A simple saddlepoint (SP) approximation for the distribution of generalized empirical likelihood (GEL) estimators is derived. Simulations compare the performance of the SP and other methods such as the Edgeworth and the bootstrap for special cases of GEL: continuous updating, empirical likelihood and exponential tilting estimators.

Appendix

This appendix lists the notations used in the paper and provides the regularity conditions underlying the results in the paper. It also provides proofs to those results not proven in the paper or which are not proven elsewhere.

Notational conventions:

For an \(m\times n\) matrix \(A\), \(A^\top \) indicates its \(n\times m\) transpose, \(\Vert A\Vert =\) Trace\([AA^\top ]^{1/2}\). When the argument \(\beta \) of a function is suppressed it is understood that the function is evaluated at \(\beta _0\) so that, for example, \(A\equiv A(\beta _0)\). The Kronecker product is defined in the usual way so that for \(A=[a_{ij}]\) and a \(p\times q\) matrix \(B\), we have \(A\otimes B=[a_{ij}B]\), an \(mp\times nq\) matrix. The vectorization operator is defined in the usual way so that \(\text {Vec}[A]\) denotes an \(mn\times 1\) vector with the columns of \(A\) stacked one upon each other.

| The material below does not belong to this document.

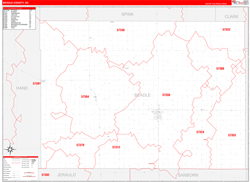 Beadle County, SD Wall Map Zip Code Red Line Style 2024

The matrix of \(\nu \)’th order partial derivatives of a matrix \(A(\beta )\) is indicated by \( A^{(\nu )}(\beta )\). Specifically, if \(A(\beta )\) is a \(m\times 1\) vector function, \( A^{(1)}(\beta )\) is the usual Jacobian whose \(l\)’th row contains the partials of the \(l\)’th element of \(A(\beta )\). The matrices of higher derivatives are defined recursively so that the \(j\)’th element of the \(l\)’th row of \( A^{(\nu )}(\beta )\) (a \(m\times m^\nu \) matrix), is the \(1\times m\) vector \(a^{(\nu )}_{lj}(\beta )=\partial a^{(\nu -1)}_{lj}(\beta )/\partial \beta ^\top \). Two useful properties of these definitions, are that, if \(a(\beta )=[a_j(\beta )]\) is a \(m\times 1\) vector, then the \(j\)’th row of \( a^{(1)}(\beta )\) contains the gradient of \(a_j(\beta )\) and the \(j\)’th row of \( a^{(2)}(\beta )\) contains the transposed vectorization of the Hessian matrix of \(a_j(\beta )\).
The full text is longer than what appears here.